-- About this task --
Reproduce exactly the lines below, starting at the line that contains "Tresics Tan Slub" and ending with the last line of the records, both included; leave out any pictures.

---- Extracted information

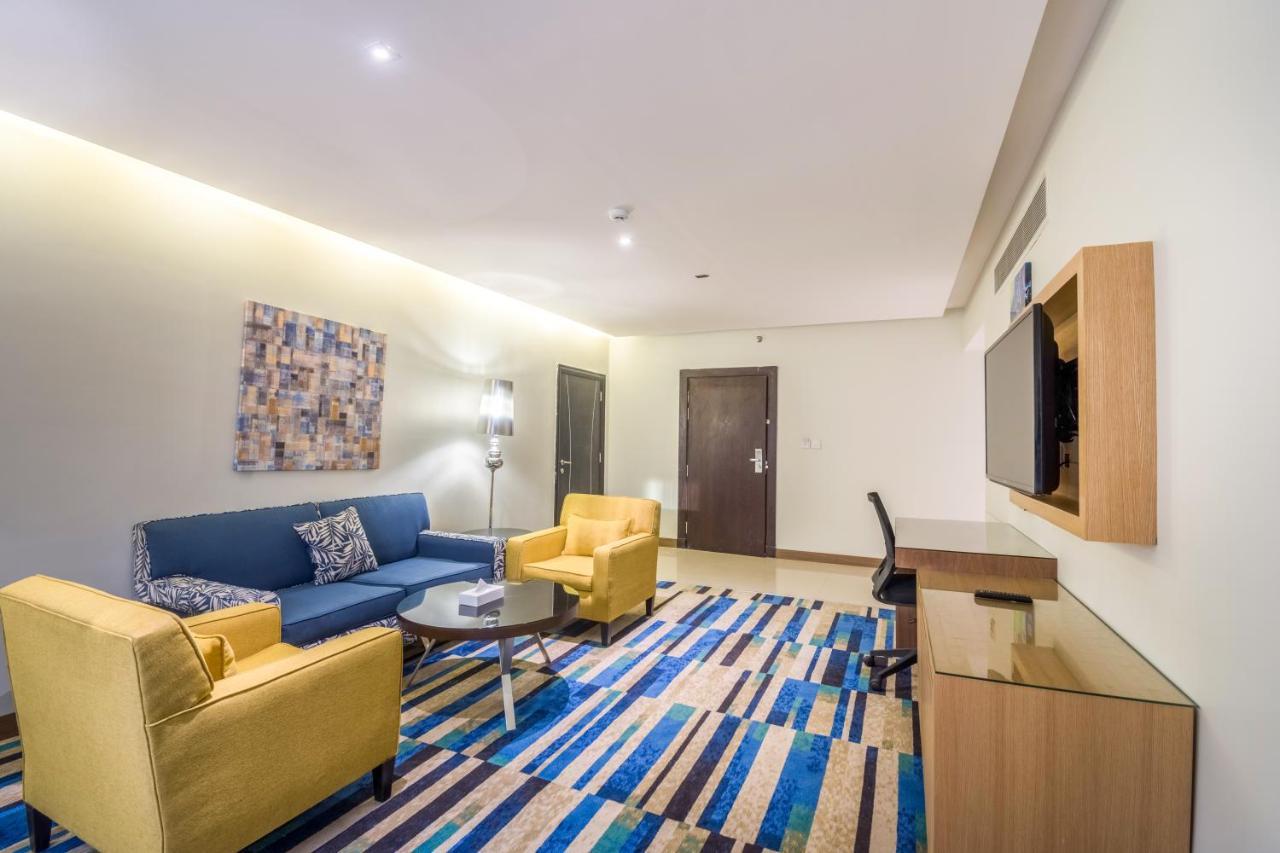 Ewaa Express Hotel - Al Olaya Rijád Kültér fotó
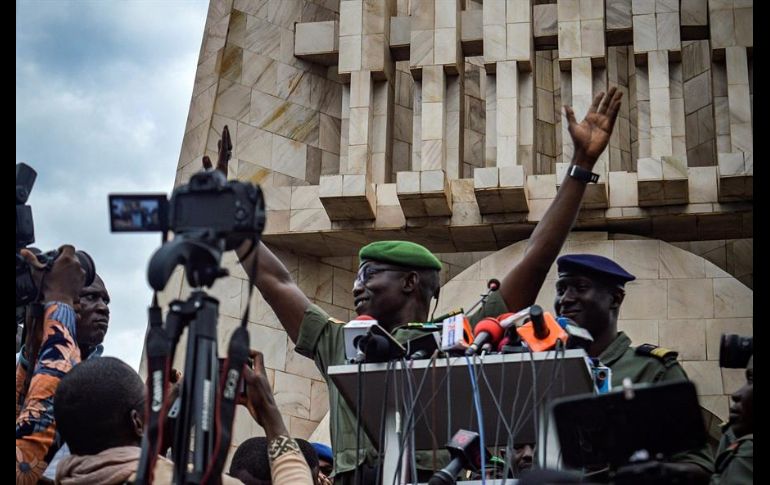 Miembros del Comité Nacional para la Salvación del Pueblo marcharon por las calles en medio de vítores. EFE/H. Diakite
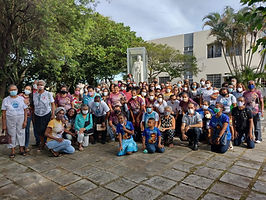 "Jesus disse-lhe: Vai, a tua fé te salvou." No mesmo instante, ele recuperou a vista e foi seguindo Jesus pelo caminho." MC 10,52
Hoje, 13 de Março de 2022, aconteceu o Retiro Vocacional Paroquial da Paróquia de São Caetano da Divina Providência, organizado pela EVP - Equipe Vocacional Paroquial.
O Retiro iniciou-se com a Celebração da Santa Missa às 8h na Igreja Matriz.
Motivados pela Palavra do evangelho de São Marcos, capítulo 10, versículos 46 a 52, as equipes, grupos e pastorais viveram momentos de deserto, reflexão e oração.
O Padre Carlos Valério, SDV, encerrou o retiro com um momento de adoração ao Santíssimo Sacramento.
Rezemos para que através desse retiro, que marca o início das atividades paroquiais, os padres e paroquianos permaneçam firmes na caminhada de fé, honrando e servindo a Deus.
Que todos sejam sinal do amor de Cristo na vida do outro e que pela intercessão da Santíssima Virgem Maria sejam todos Santos e Santificadores.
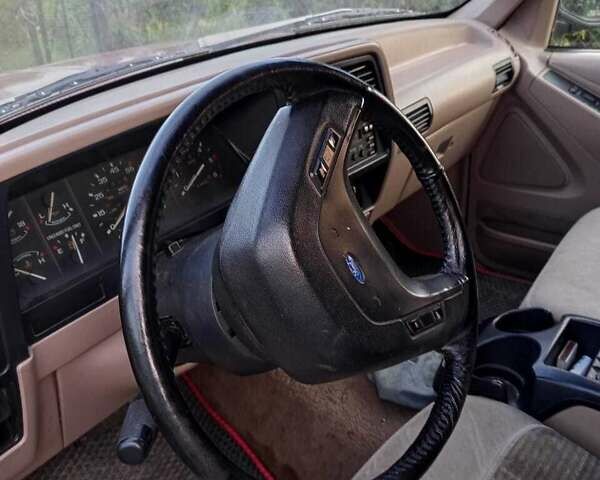 Красный Форд Эксплорер, объемом двигателя 0 л и пробегом 340 тыс. км за 1800 $, фото 4 на Automoto.ua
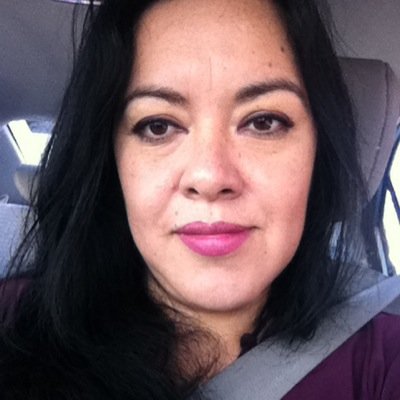Mujer, casi abogada, mama, critica, sensible, mujer simplemente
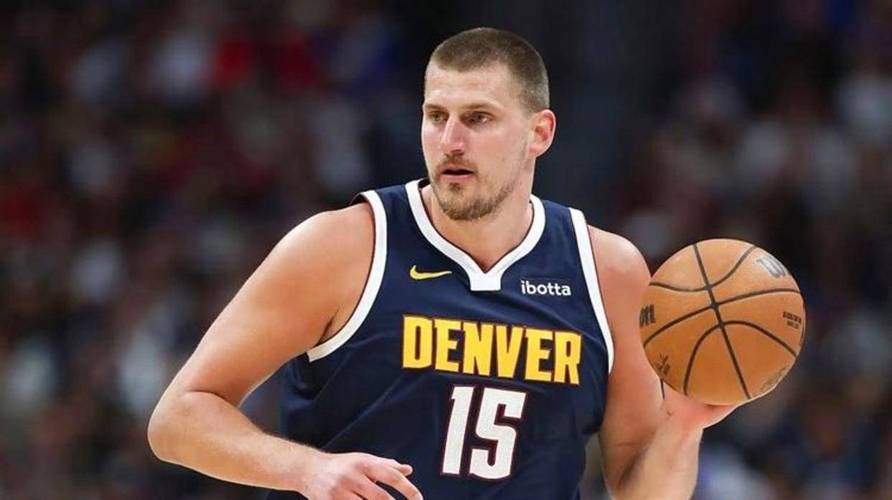 6场仅需送出12次助攻~约基奇将成首位连续两个赛季场均三双的中锋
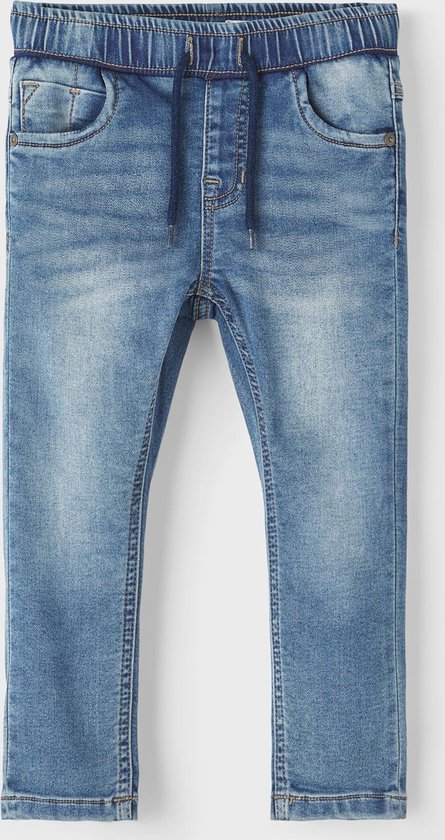 Lichtblauwe spijkerbroek met elastische tailleband, trekkoord en steekzakken.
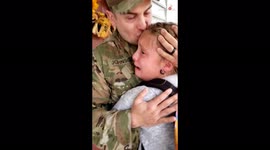 US military dad returns after 7-month deployment and surprises daughter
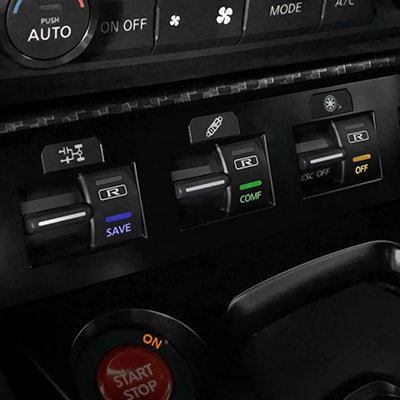 El Nissan GT-R 2024 mostrando el interruptor de 3 modos en los modos especiales del GT-R.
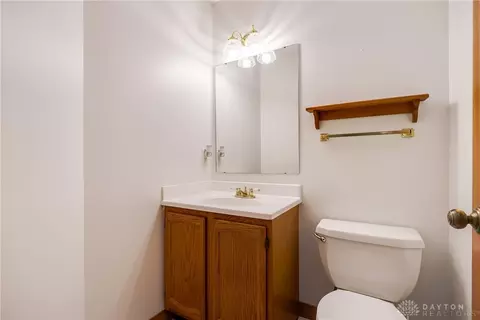 Bath - 3889 Eagle Point Dr, Beavercreek, OH 45430 photo 1 of 7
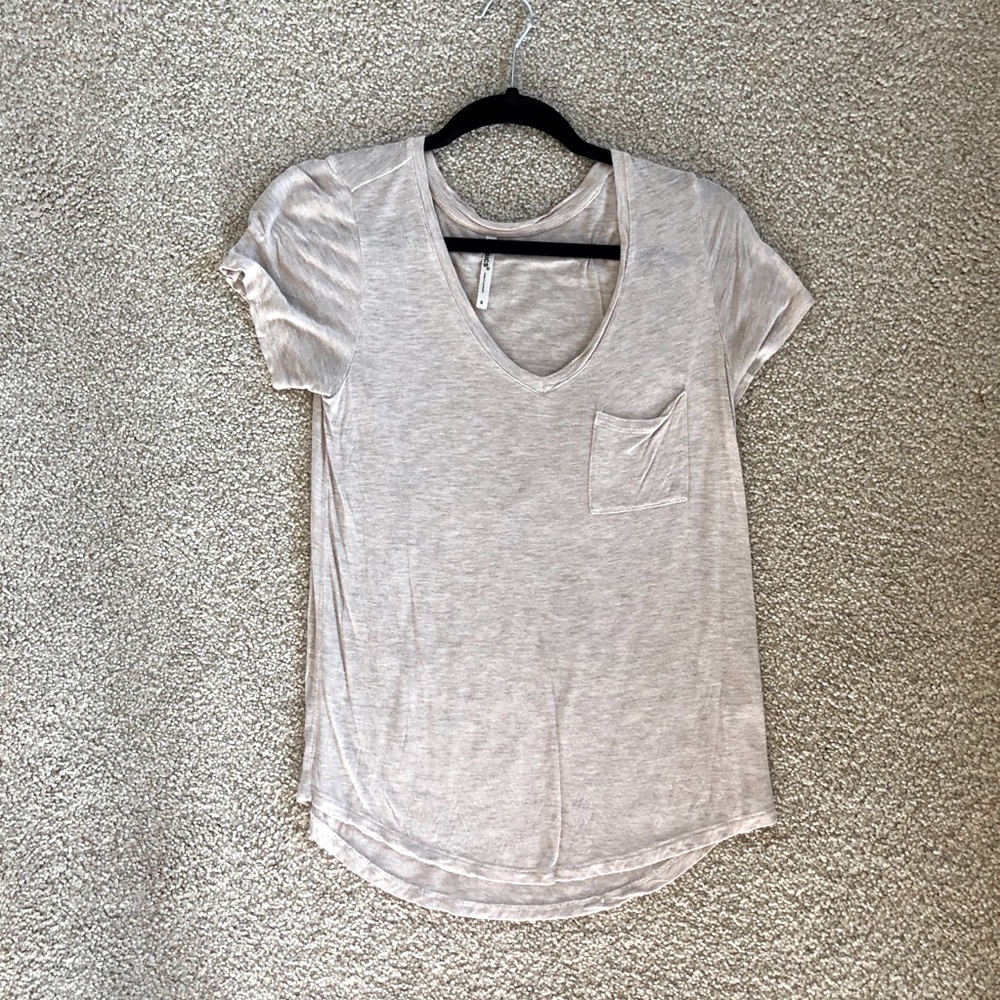 Tresics Tan Slub Knit V-Neck Pocket Tee Small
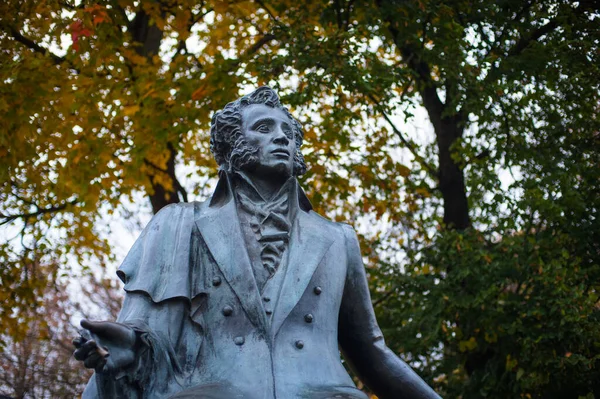 Monumento Poeta Alexander Sergeyevich Pushkin Minsk —  Fotos de Stock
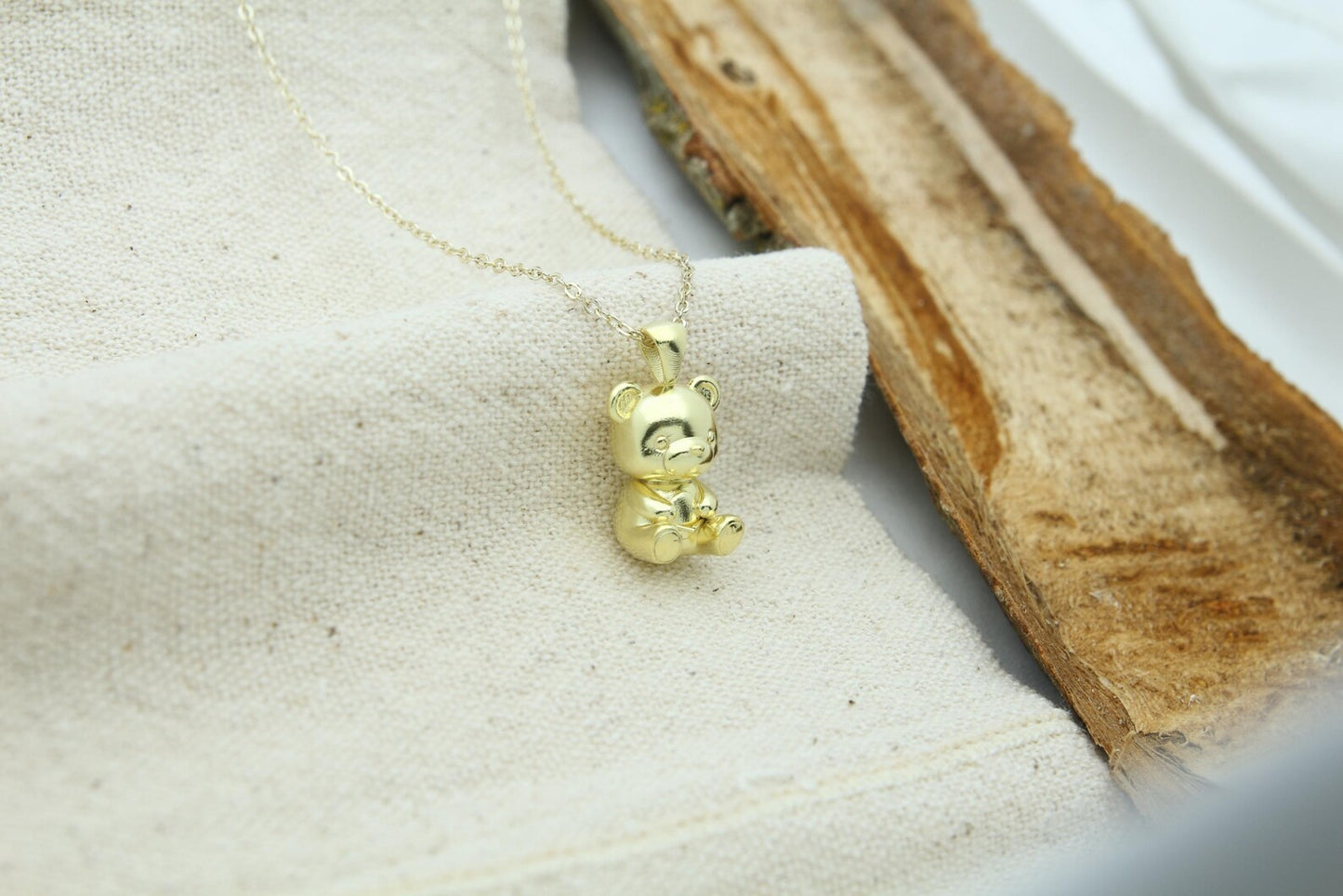 Bear Urn Necklace – 925 Sterling Silver Memorial Ash Pendant (18 mm)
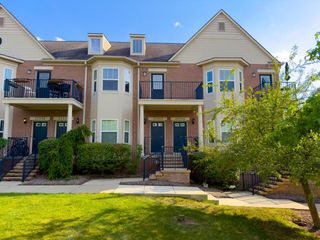 25552 Portico Lane, Novi City, MI 48375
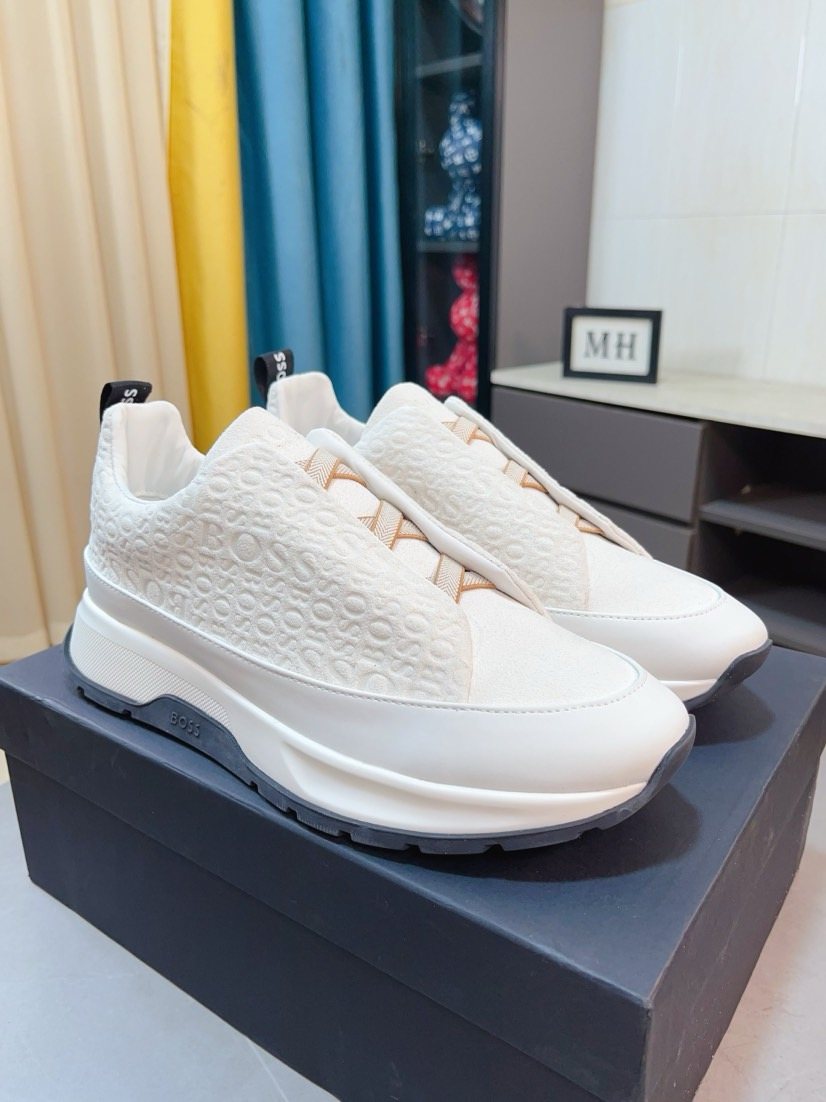 HUGO BOSS Textured Low-Top Sneakers — front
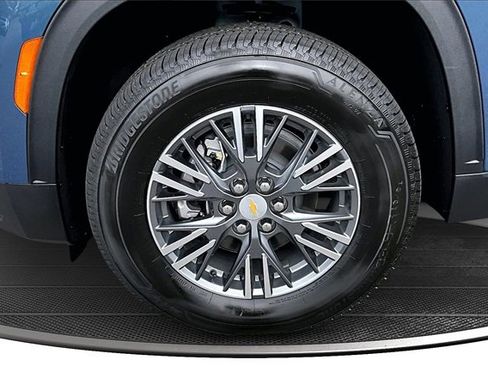 New 2026 Chevrolet Traverse LT w/ LPO, Floor Liner Package image 11
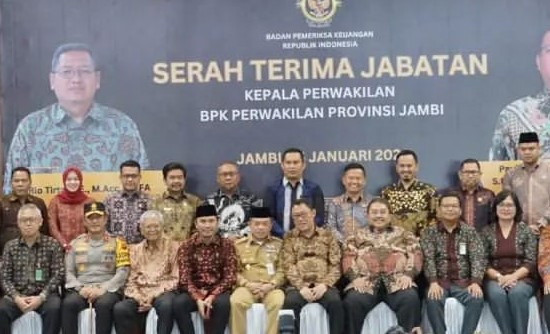 Waka DPRD Kota Jambi Hadiri Sertijab Kepala Perwakilan BPK Provinsi Jambi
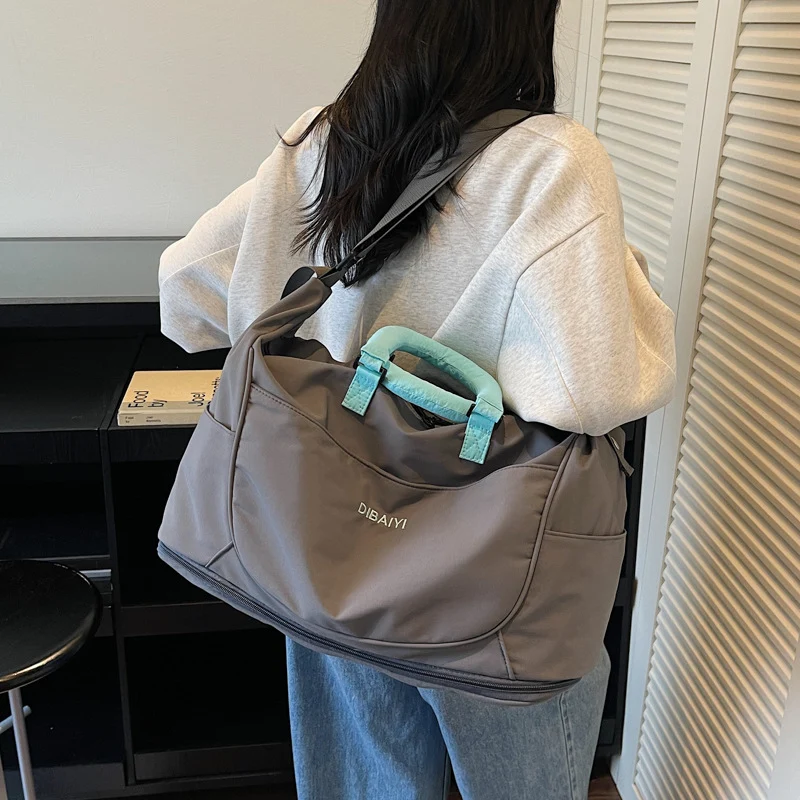 Sportliche Reisetasche für Damen mit ergonomischem Tragesystem Skanto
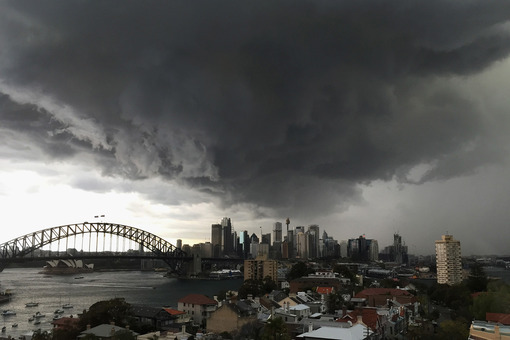 منظره زیبا از ابرهای سیاه و توفان بر فراز شهر سیدنی در استرالیا./Getty Images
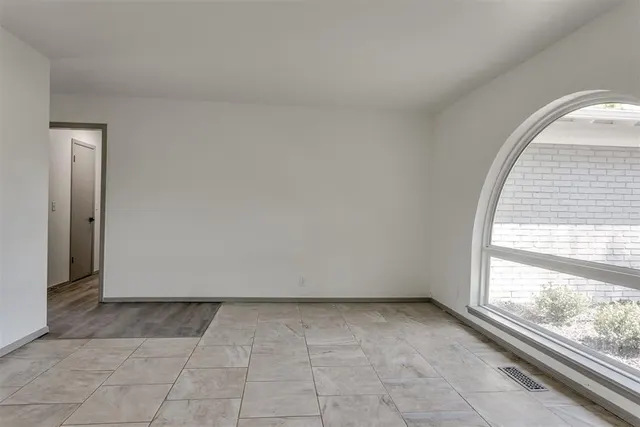 Photo 4 — 2621 NW 121st Street, Oklahoma City, OK 73120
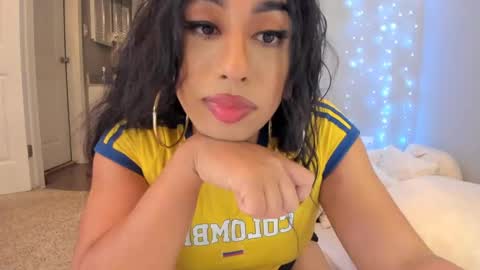    ........ Instagram  Lorysexys online show from February 15, 8:11 pm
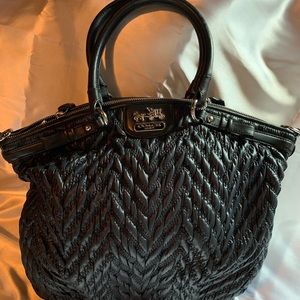 COACH MADISON LINDSEY QUILTED CHEVRON -BLACK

--------

-- Answer to this problem --
 Tresics Tan Slub Knit V-Neck Pocket Tee Small
 Monumento Poeta Alexander Sergeyevich Pushkin Minsk —  Fotos de Stock
 Bear Urn Necklace – 925 Sterling Silver Memorial Ash Pendant (18 mm)
 25552 Portico Lane, Novi City, MI 48375
 HUGO BOSS Textured Low-Top Sneakers — front
 New 2026 Chevrolet Traverse LT w/ LPO, Floor Liner Package image 11
 Waka DPRD Kota Jambi Hadiri Sertijab Kepala Perwakilan BPK Provinsi Jambi
 Sportliche Reisetasche für Damen mit ergonomischem Tragesystem Skanto
 منظره زیبا از ابرهای سیاه و توفان بر فراز شهر سیدنی در استرالیا./Getty Images
 Photo 4 — 2621 NW 121st Street, Oklahoma City, OK 73120
    ........ Instagram  Lorysexys online show from February 15, 8:11 pm
 COACH MADISON LINDSEY QUILTED CHEVRON -BLACK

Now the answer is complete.